Andrew McCarthy said that he wasn’t a fan of his 1986 coming-of-age film “Pretty in Pink” at the time that it came out.
“I didn’t think it was that interesting,” said McCarthy, 61, in an interview with PEOPLE published Saturday.
“I didn’t quite get the movie at the time. I thought, this is a movie about a girl wanting to go to a dance and make a dress, [and] if so who cares?” he added.
Directed by Howard Deutch and written by John Hughes, “Pretty in Pink” follows middle-class student Andie (Molly Ringwald), a budding designer who creates her own clothes. She falls in love with rich kid Blane McDonough (McCarthy).
The film, which also starred Harry Dean Stanton, Jon Cryer, Annie Potts, and James Spader, has stood the test of time and is considered a classic from the ’80s.
Nearly 40 years since the movie came out, McCarthy acknowledged that he was “wrong” in his criticism at the time.
“I finally got it years later, but at the time, I didn’t think it was very interesting.

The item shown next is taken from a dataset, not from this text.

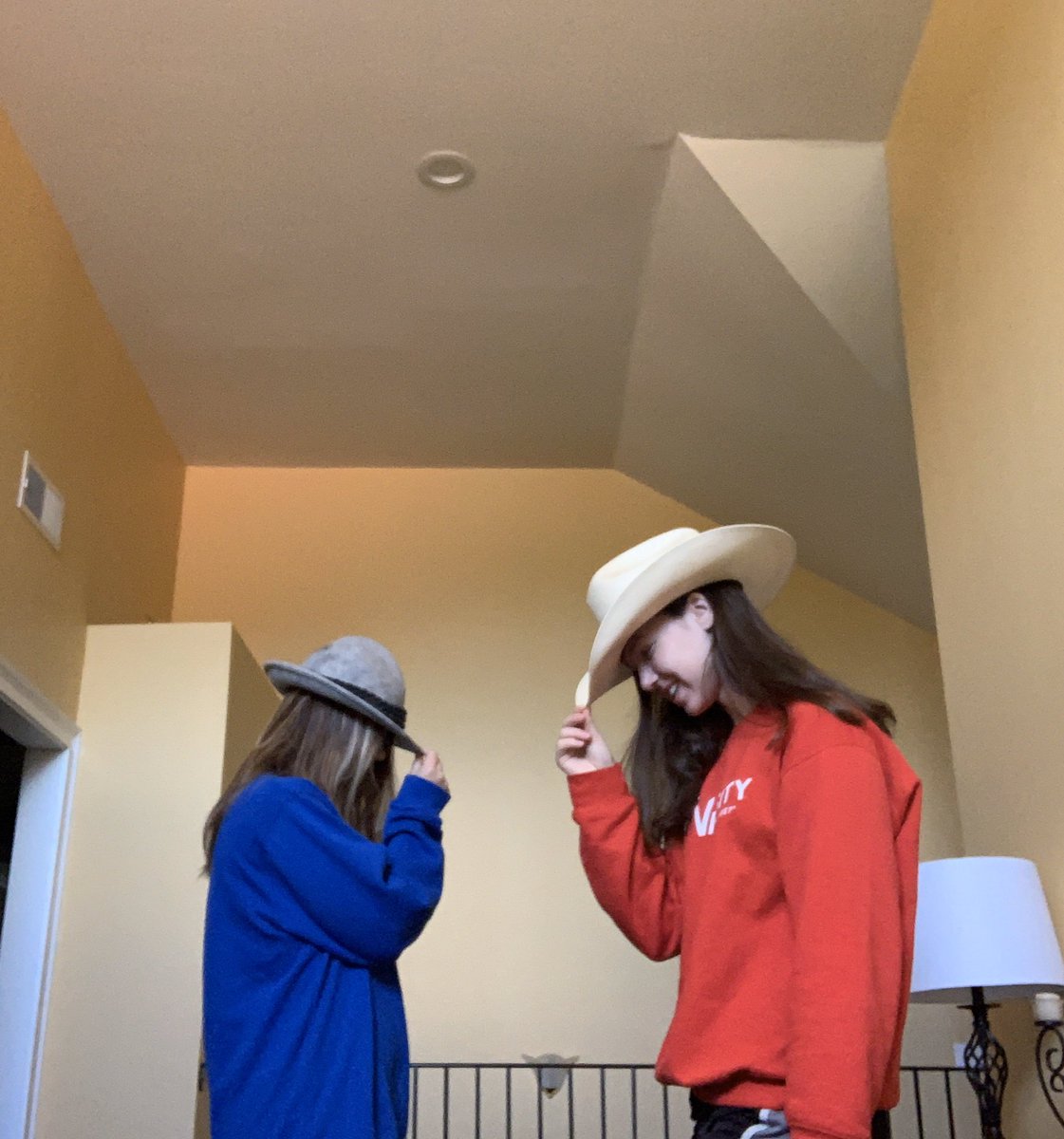 AlexaAvery15's tweet photo. @McCalcteach Spirit Day #3 Crazy Hat 🤠 and Crazy Socks🐧 Day #creekviewspirit https://t.co/ebTiNcEz8L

It just sort of escaped me,” he said.
The actor also explained why he thinks the film is still so beloved today.
“They gave people credit for [being] young people, credit for real emotions and they took them seriously,” he said. “That’s why those movies hold up because of the emotions.”
He added: “The hairdos are funny, the music kind of old fashioned, but the emotions are the same.”
“Pretty in Pink” was one of the many movies from the ’80s to feature members of the Brat Pack. McCarthy, Ringwald, Demi Moore, Rob Lowe, Emilio Estevez, Judd Nelson, Anthony Michael Hall, and Ally Sheedy made up the group of actors who appeared in the ensemble of classic movies at the time, including “St. Elmo’s Fire” and “The Breakfast Club.”
McCarthy created a new Hulu documentary called “Brats,” where he reunited with some of the other Brat Pack members and they looked back on how the label changed their lives.
In the doc, Deutch, who directed “Pretty in Pink,” said that the test screening for the film was “a disaster.”
He said at the test screening, there was “Booing like I’ve never heard in my life.” Viewers were also “screaming, booing, throwing things.”
Deutch also revealed that they got one day to reshoot the movie’s real ending, which sees McCarthy and Ringwald’s characters end up together. The original ending did not have them together.